Posted on Fri 24 June 2016 in score_based

With a bit of delay, I am now working on a basic PR for score-based structure estimation for Bayesian Networks. It comes with two ingredients:

• The StructureScore-Class and its subclasses BayesianScore and BICScore. They are initialized with a data set and provide a score-method to compute how well a given BayesianModel can be fitted to the data, according to different criteria. Since those scores are decomposable for BNs, a local_score-method is also exposed for node-by-node computation.
• The StructureSearch-Class and its subclasses ExhaustiveSearch and HCSearch. They are initialized with a StructureScore-instance and optimize that score over all BayesianModels. The latter subclass has a number of optional search enhancements.

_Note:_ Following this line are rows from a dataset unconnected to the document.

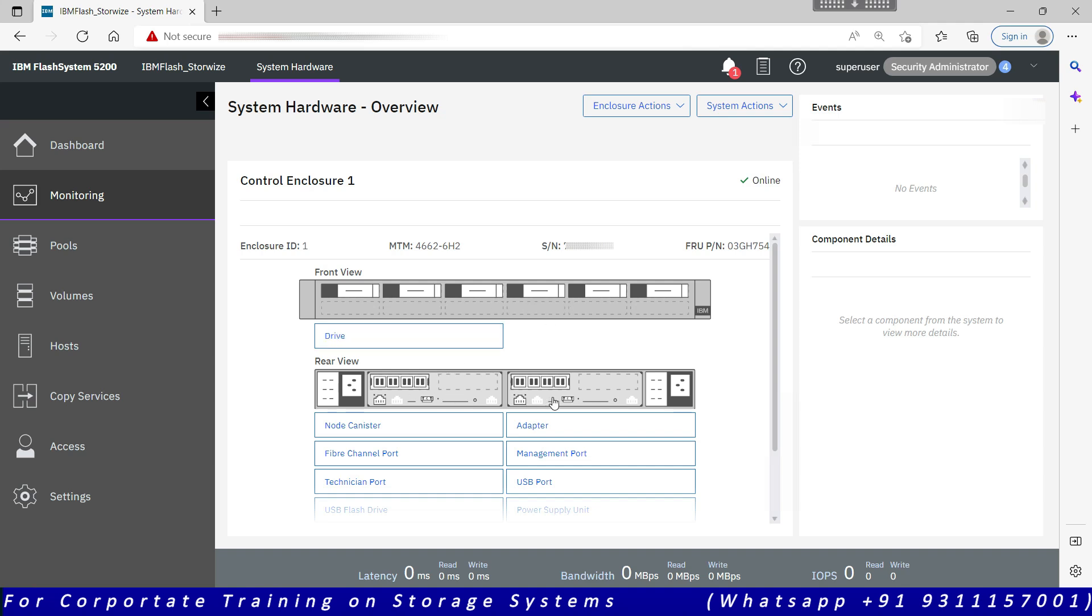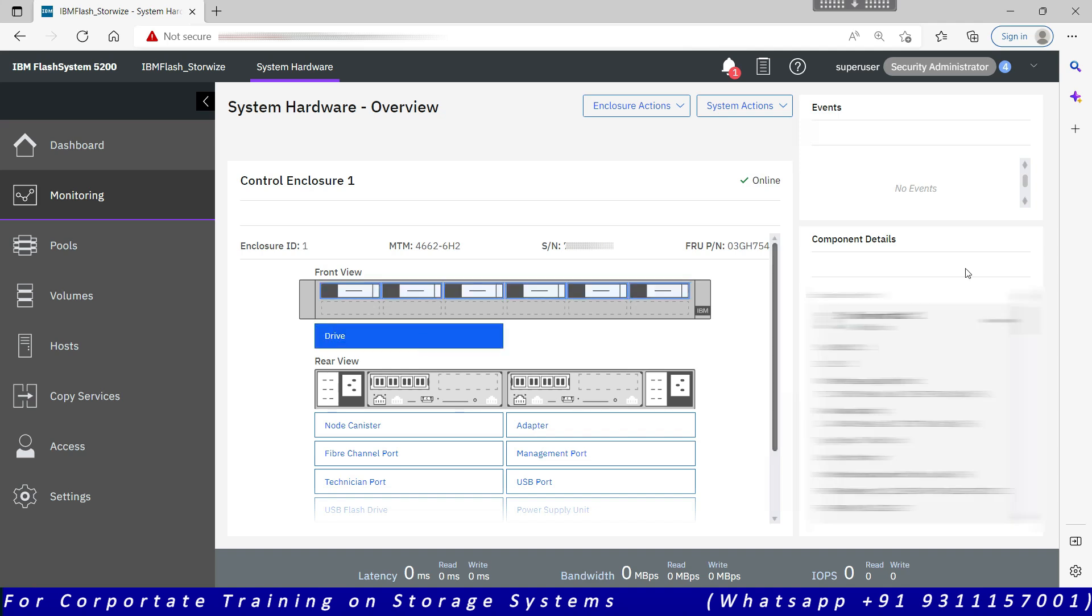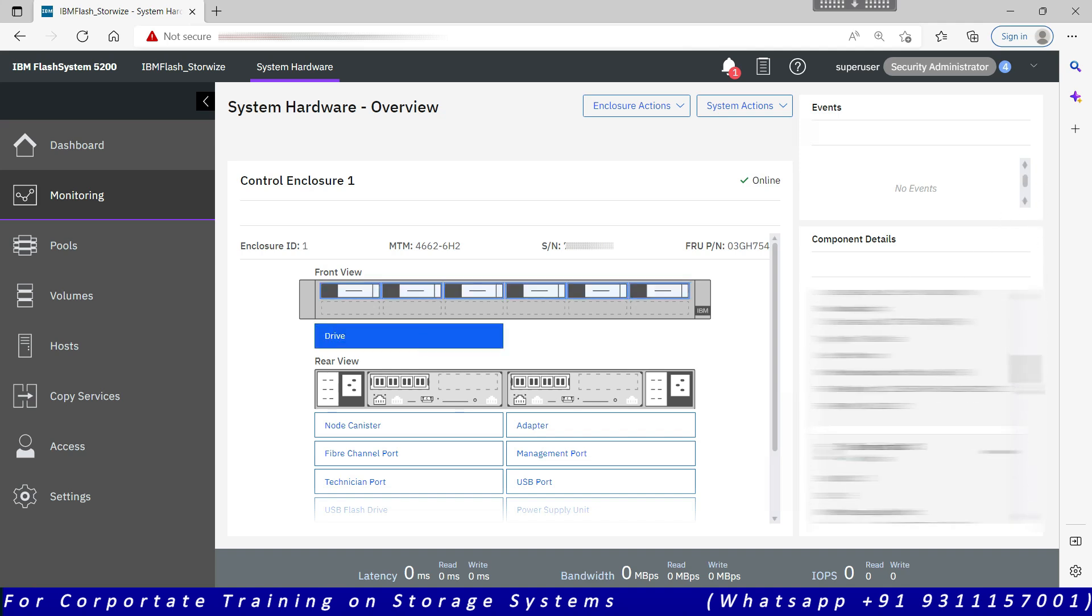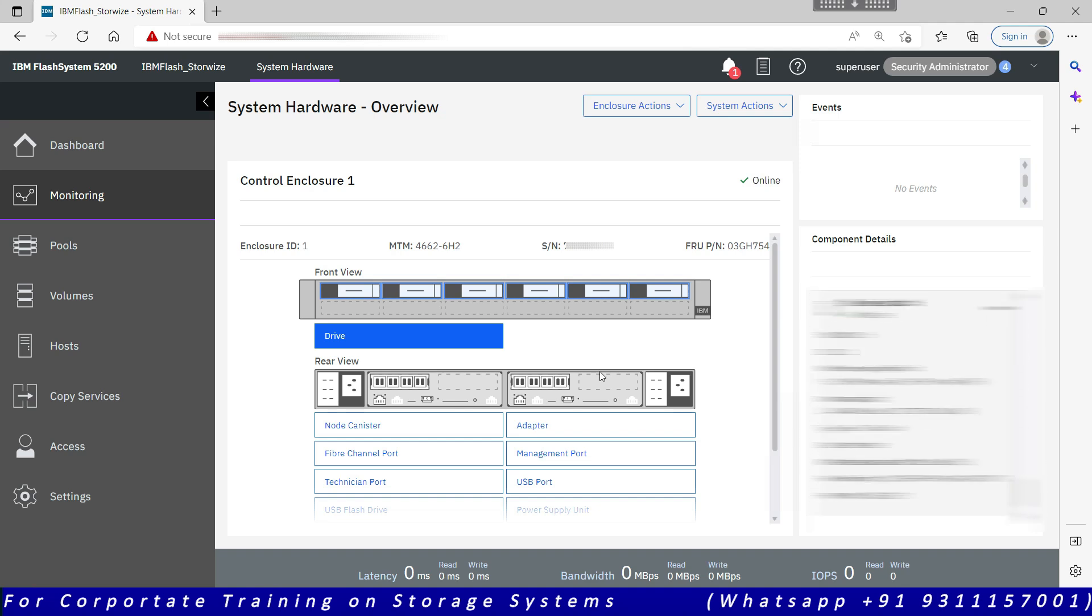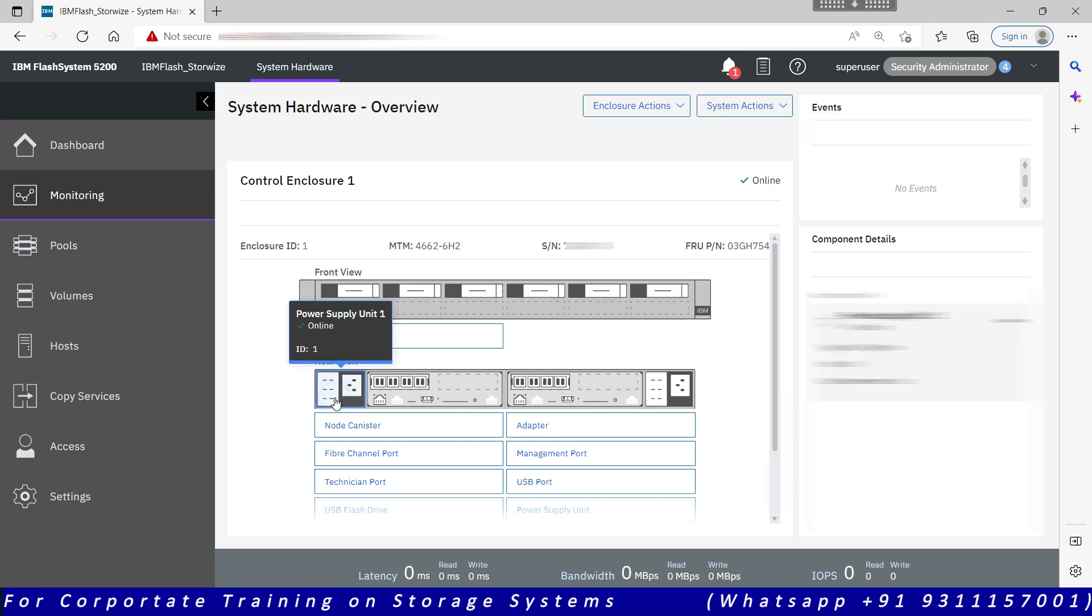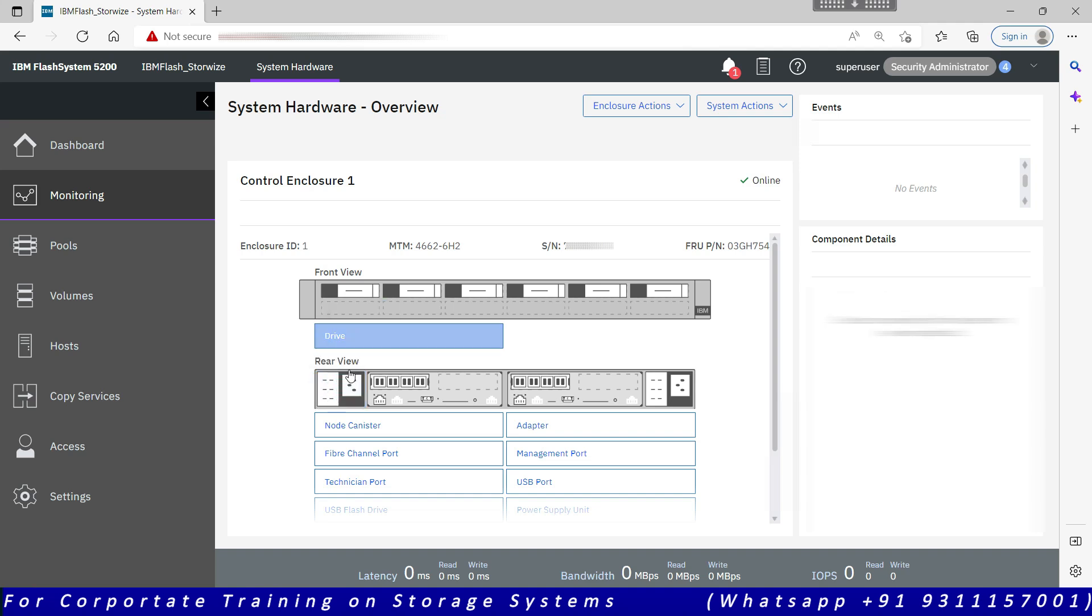This is the rear view of your system. We can also go to the drive section and we can see the drive details here on the right side. Then this is the rear view of your system where the node canisters are there, power supply is there, and this is the live view like you will actually see the physical system.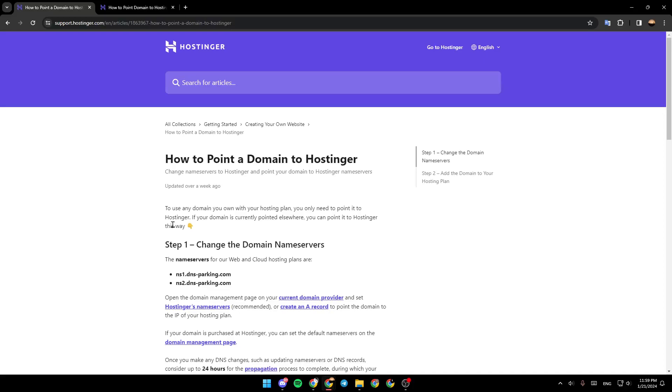Hello everyone and welcome back to a new video. In this video I'm going to show you how to activate a domain on Hostinger. If you want to learn how to do it, just follow the steps that I'm going to show you.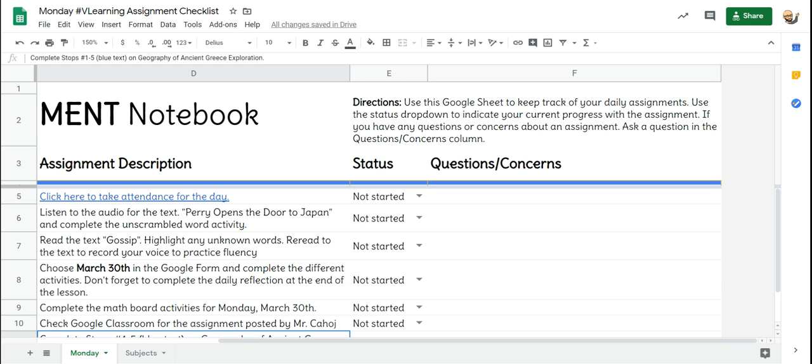Hey 212ers, welcome back for the second week of V Learning, and it is exactly what it is—learning. We are all learning together, myself included.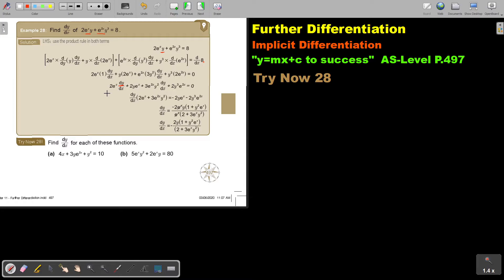Now I simplify. As soon as I simplify, I mark the terms with dy over dx, and I mark the other terms without that. Then I take dy over dx out as a common factor — I'm taking it out, so I'm left with this and I'm left with this. I take this over, I take this over.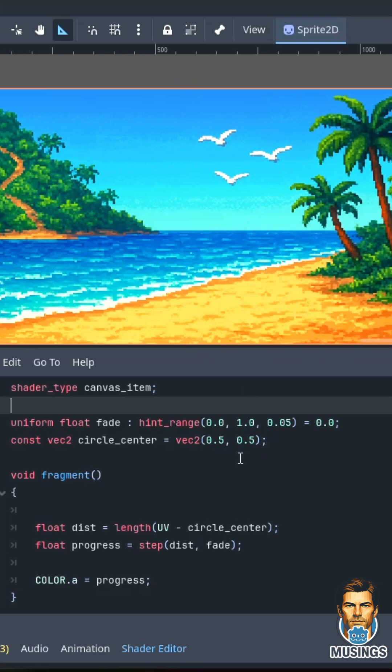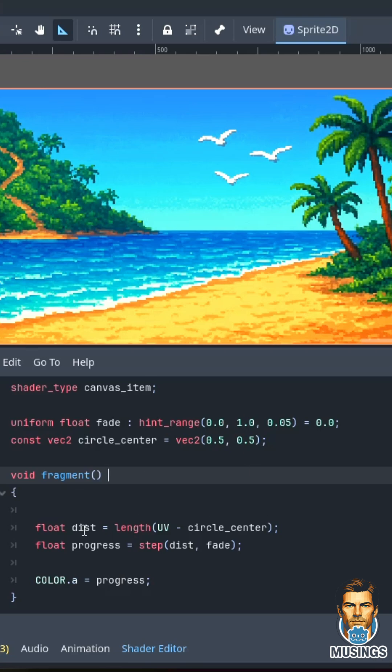We can set the center of that circle wherever we want, but we probably want it in the center. I use a void fragment, which means whatever I do in here is going to write to every individual pixel. I find out for the pixel it's working on, how far is it from the center.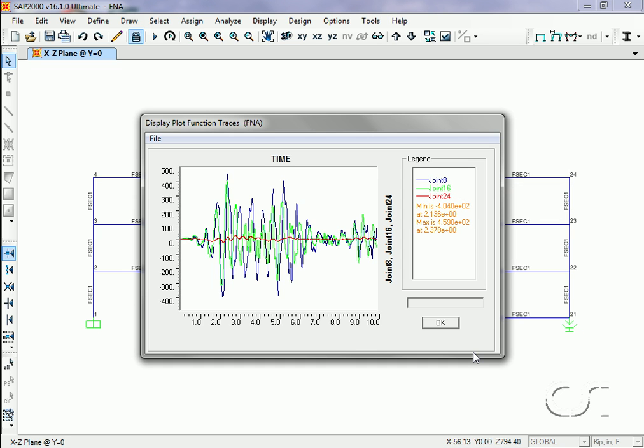This concludes this example on using the Fast Nonlinear Analysis technique for rapid and efficient nonlinear modeling.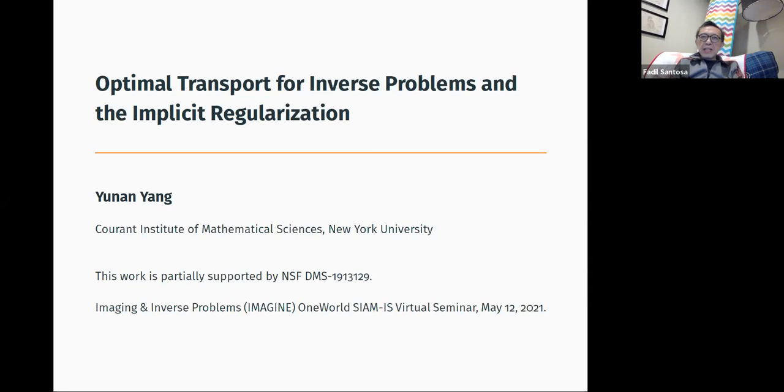Good day, everyone. My name is Fadil Santosa. I'm very pleased to announce today's speaker, Dr. Yunnan Yang.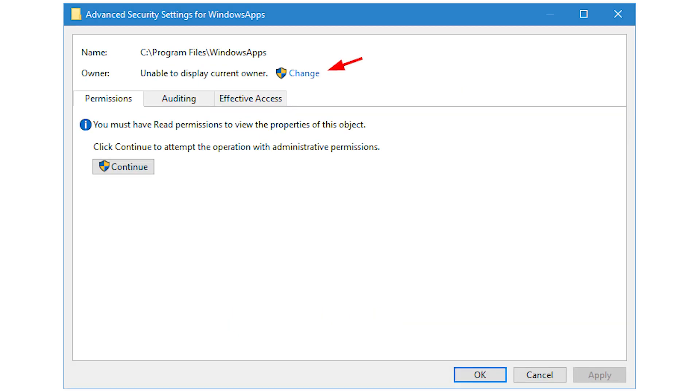Once the advanced security settings window has been opened, click on the change link. You will receive a UAC or user access control prompt. Simply click on the yes button to continue.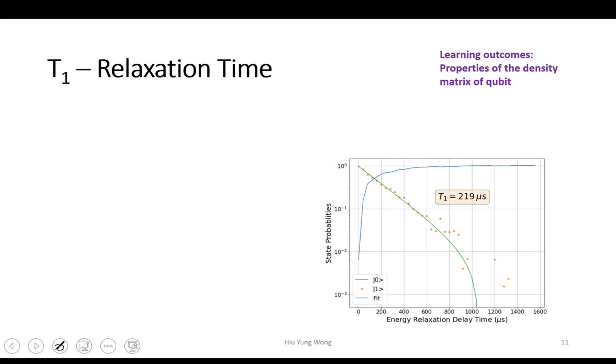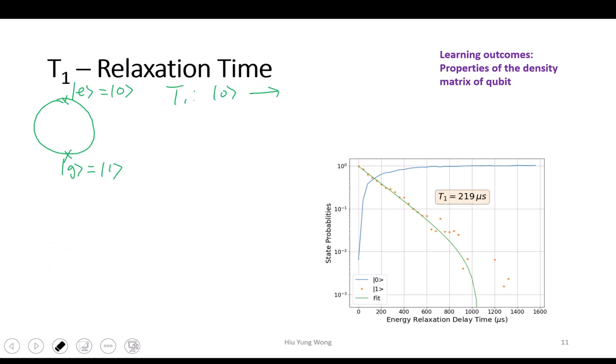Let's talk about relaxation. Relaxation is going from a high energy state to a low energy state. I use the Bloch sphere notation — I call it 'e' for excitation state. This can be confusing because sometimes people say it's zero, but zero doesn't need to be ground state; just look at the context carefully. The bottom one is 'g', the ground state. So what is the coherence time T1? It is basically talking about how much time on average it takes to go from the excited state to the ground state.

So far BayesianScore supports BDeu and K2 priors, I’ll think for a good interface to specify other prior weights. With K2 priors the score is given by the following form:

$$score^{K2}_D(m) = \log(P(m)) + \sum_{X\in nodes(m)} local\_score^{K2}_D(X, parents_m(X))$$

where $$P(m)$$ is an optional structure prior that is quite negligible in practice. $$local\_score^{K2}$$ is computed for each node as follows:

$$local\_score^{K2}_D(X, P_X) = \sum_{j=1}^{q(P_X)} (\log(\frac{(r-1)!}{(N_j+r-1)!}) + \sum_{k=1}^r \log(N_{jk}!))$$

Where $$r$$ is the cardinality of the variable $$X$$, $$q(P_X)$$ is the product of the cardinalities of the parents of $$X$$ (= the possible states of $$P_X$$) and $$N_{jk}$$ is the number of times that variable $$X$$ is in state $$k$$ while parents are in state $$j$$ in the data sample. Finally, $$N_j:=\sum_{k=1}^r N_{jk}$$.